I have my MP3s tagged with ID3v2.3 and ID3v1 - and It seems I finally have no devices that depend upon ID3v1. Maybe.
Some applications show like COMMENT ID3v1 fields and the like, and that is sometimes annoying but also makes me a bit cautious.
So:
Is there anything valuable that I don't know about, that should keep me from bulk nuking ID3v1 off my drive?

(Like ancient stuff that might affect playback ... ? Chances are it has already been destroyed.)
And if so:
What should I search for before deleting, and in what tagging app?

I was thinking of letting Mp3tag do the job, before or after the year-end backup.

Re: Any particular "lesser known" reason to keep ID3v1 tags?

Reply #1
Probably Ok with modern devices.
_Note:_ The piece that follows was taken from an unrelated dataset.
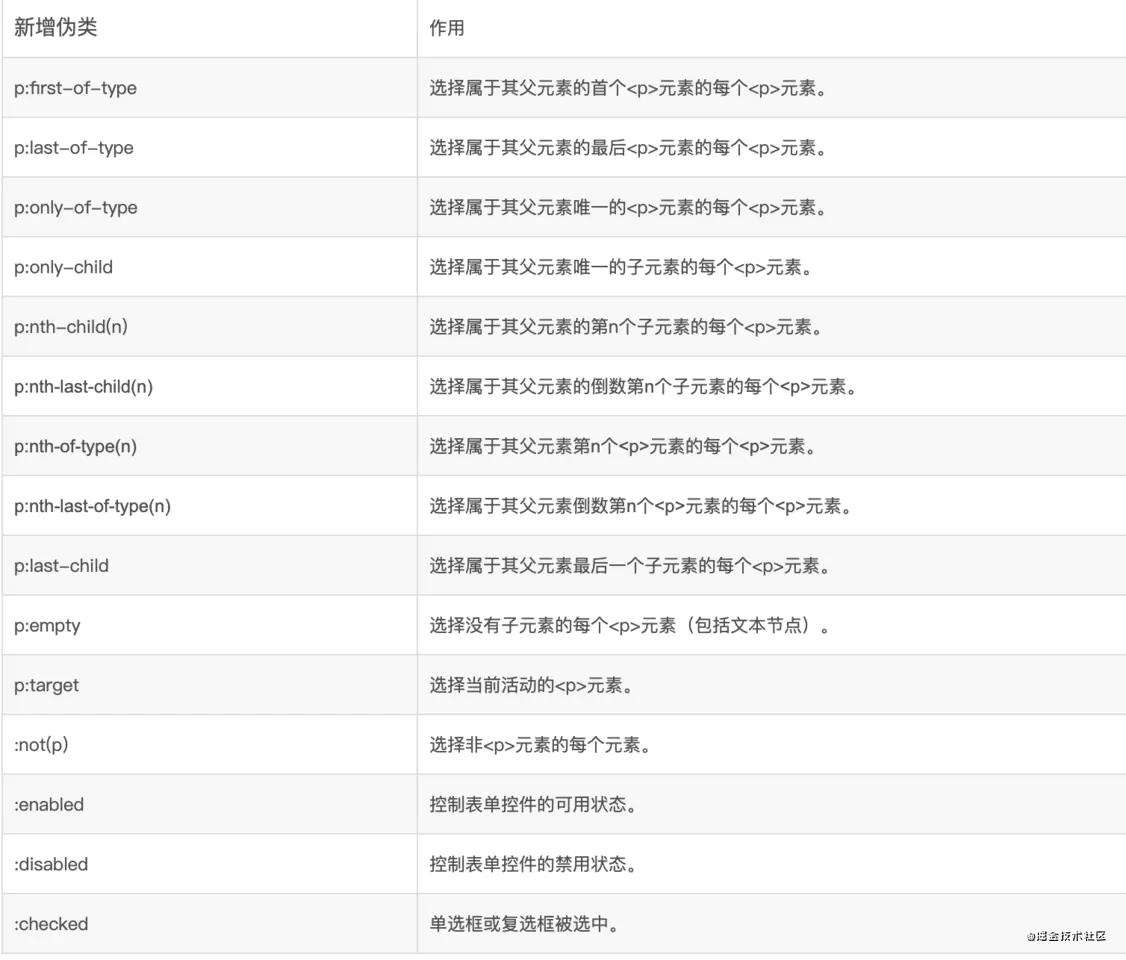 前端问答整理-前端学习必看经典问答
You can test a few tracks before doing them all. Easy to add/remove them with fb2k.
Years ago I had a cheap Laser player that needed v1.0 or 1.1 .

Re: Any particular "lesser known" reason to keep ID3v1 tags?

Reply #2
What's the big problem with keeping them (I'm a belt-and-braces type)?
It's your privilege to disagree, but that doesn't make you right and me wrong.

Re: Any particular "lesser known" reason to keep ID3v1 tags?

Reply #3
I don't keep them.  I remove and/or convert iD3V1 tags found.  I only use IDV2.3.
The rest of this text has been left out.